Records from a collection
________________________________________
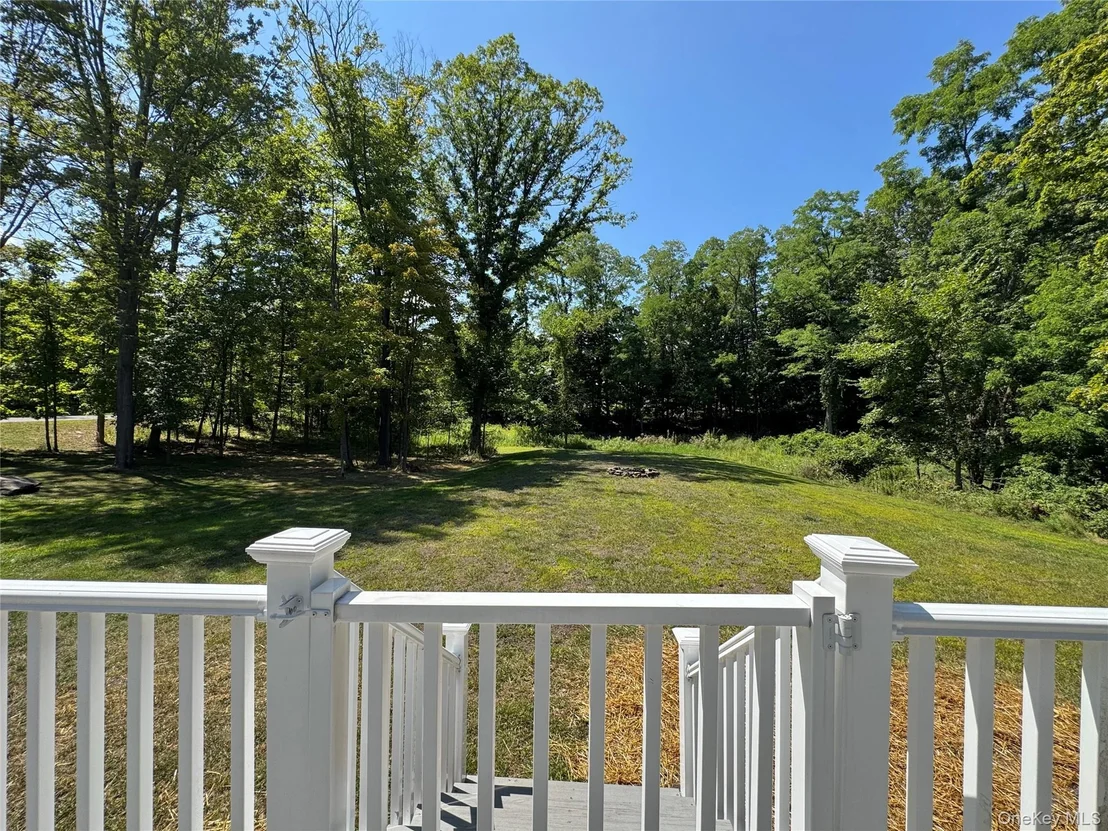 Photo of 484 Edison Timmerman Road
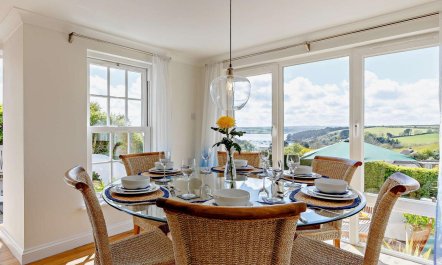 3 Bed in Truro 1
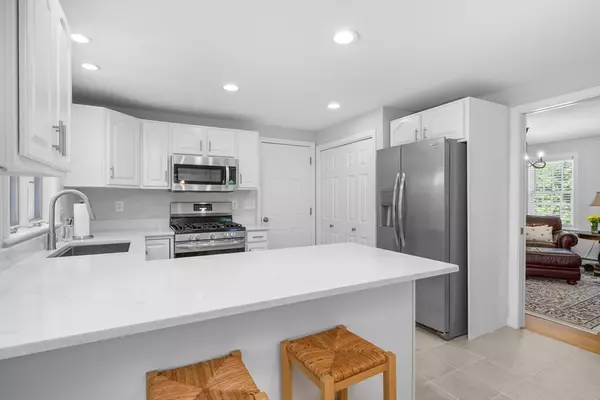 Yarmouth, MA 02675,6 Nimble Hill Dr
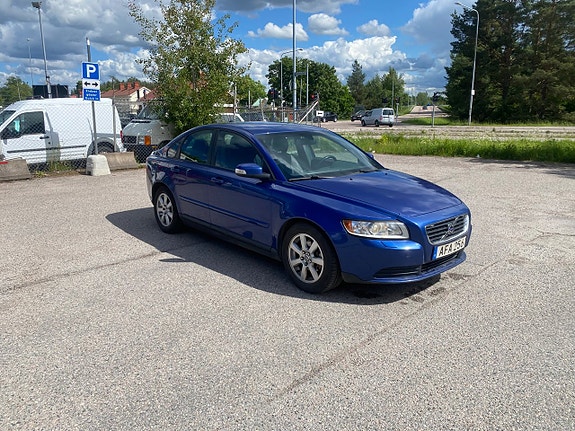 Volvo S40 6 of 11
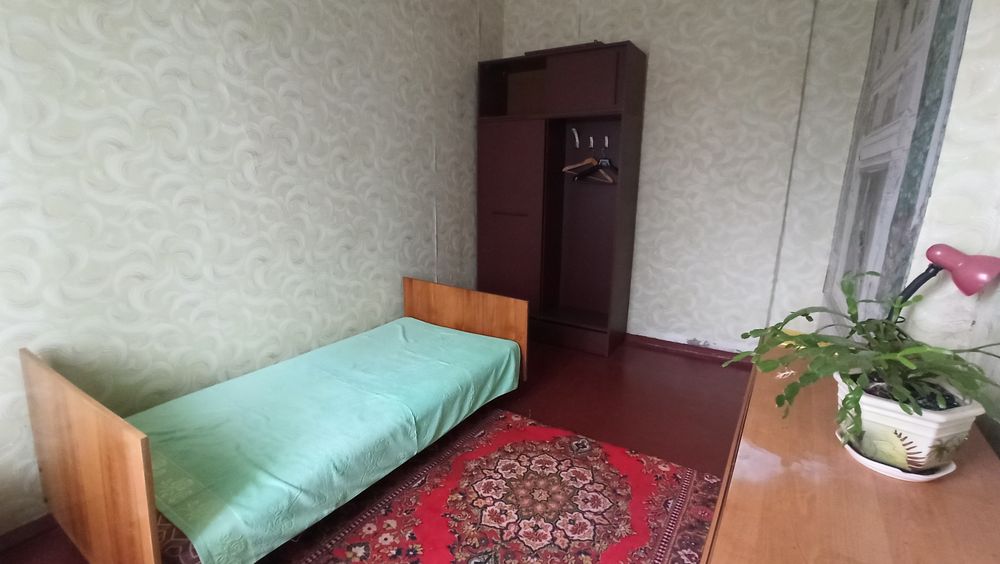 Продам часть дома: 4 комнаты + кухня + санузел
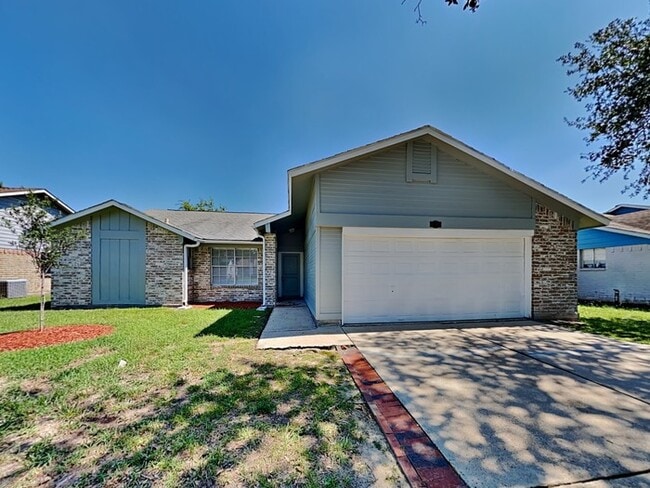 Building Photo - 16302 N Cross Dr Rental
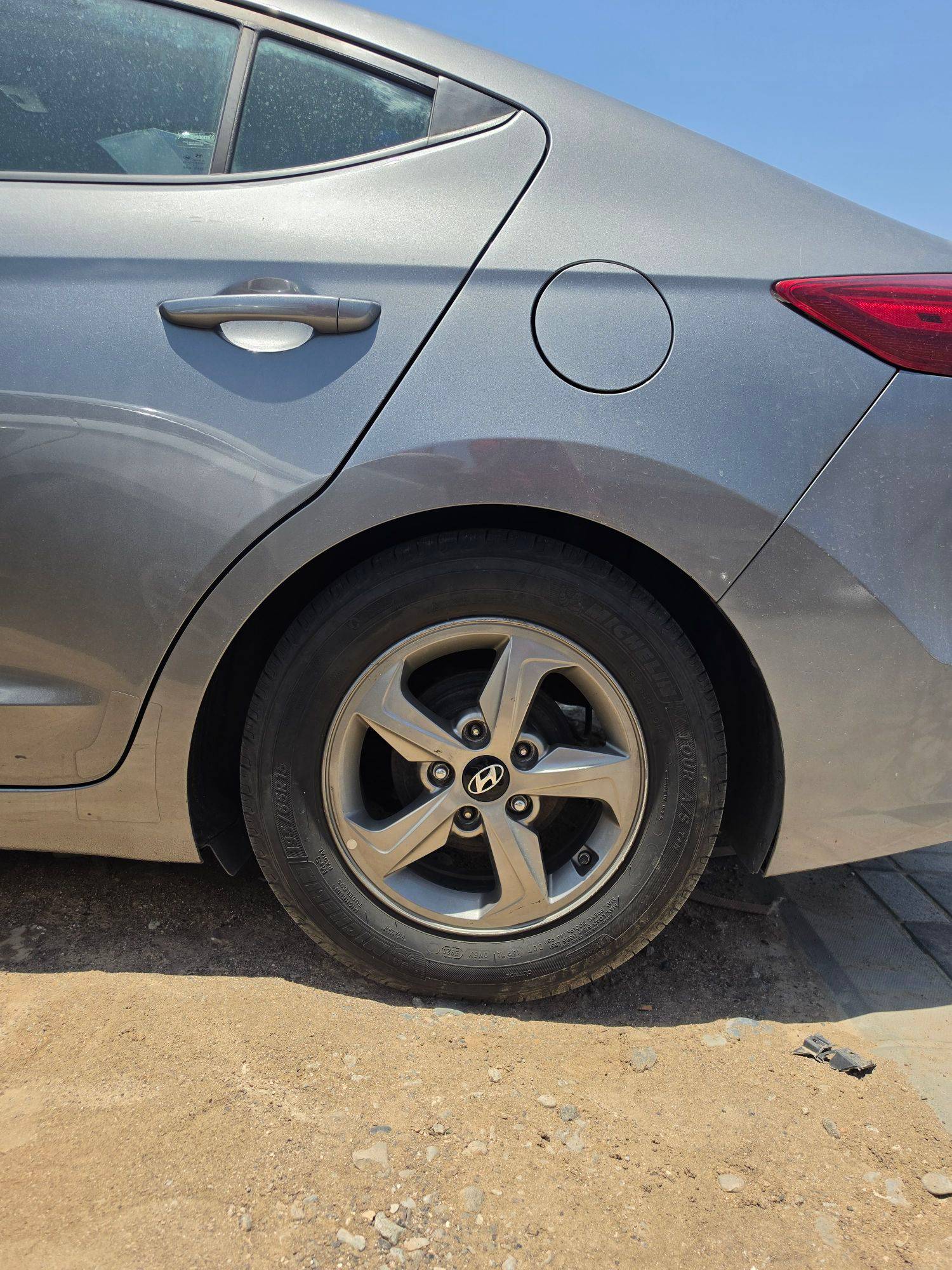 HYUNDAI ELANTRA 2018 - Marhaba Auction Used Cars - Image 7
________________________________________
Try it: Only the lines from the one holding "Volvo S40 6 of 11" through the end of the records belong in the answer, copied exactly and without pictures.

Exercise solution:
 Volvo S40 6 of 11
 Продам часть дома: 4 комнаты + кухня + санузел
 Building Photo - 16302 N Cross Dr Rental
 HYUNDAI ELANTRA 2018 - Marhaba Auction Used Cars - Image 7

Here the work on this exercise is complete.